In this research program we propose to study dynamic aspects of the statistical physics of various systems of many particles with long-range interactions. In systems with long-range interactions, such as charged particle systems, these interactions cause each particle to be strongly correlated with all the others, even those that are at great distances. This generally complicates their study and can lead to discovering interesting properties that do not occur in systems with short-range interactions. As a prototype of these systems, we will study two models in particular: a charge fusion model and an electric double layer formation model.

The charge fusion model consists of a system of charged particles that move in a circular domain and have a long-range repulsive force between them. To complement the dynamics, the particles are also subjected to thermal agitation characterized by a random force. If two particles get close enough they have the possibility of merging forming a single charged particle composed of the originals. Due to these melting events, the system will constantly remain out of equilibrium as the number of particles decreases over time. In this system it is of interest to study the evolution of the number of particles and their fluctuations. Typically a scale law can be expected for particle density as a function of time with an exponent to be determined.

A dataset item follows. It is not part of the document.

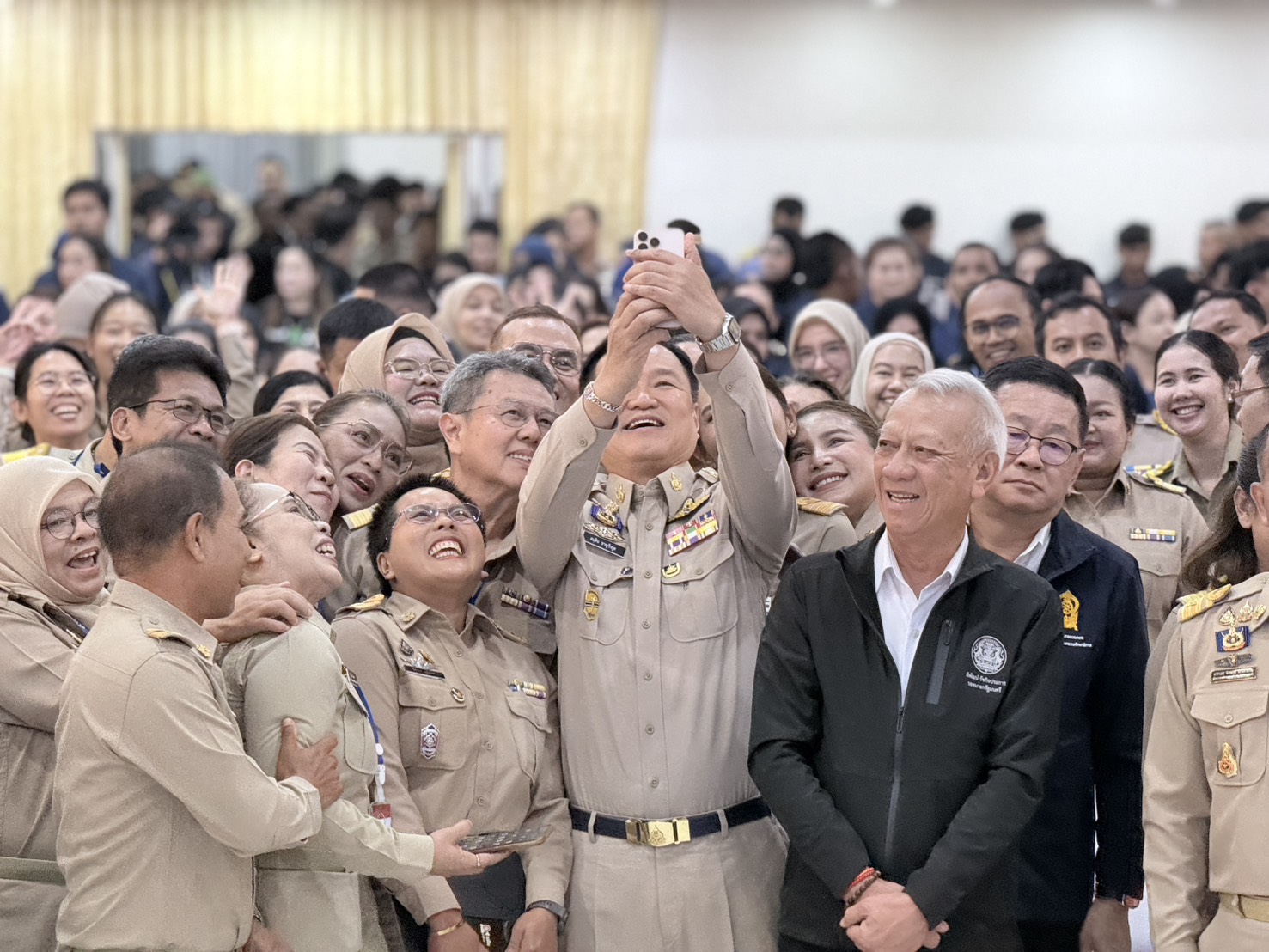 อนุทิน ปลุก ศอ.บต. ตราบใดสันติสุขใน 3 จังหวัดชายแดนใต้ไม่เกิด ห้ามท้อถอย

For the study of the formation of an electrical double layer, we propose to return to a simple one-dimensional model of which we have studied its properties in thermal equilibrium in previous works. The model consists of two charged “colloidal” particles separated by a distance L and neutralized with N moving particles of opposite sign. To study the out-of-equilibrium aspects, an overdamped Brownian dynamics is proposed for mobile charges and it is proposed to study how, from an arbitrary initial configuration, the system relaxes towards equilibrium. Among other quantities of interest to be determined is the relaxation time towards equilibrium and how it depends on the separation L and the number of mobile particles N.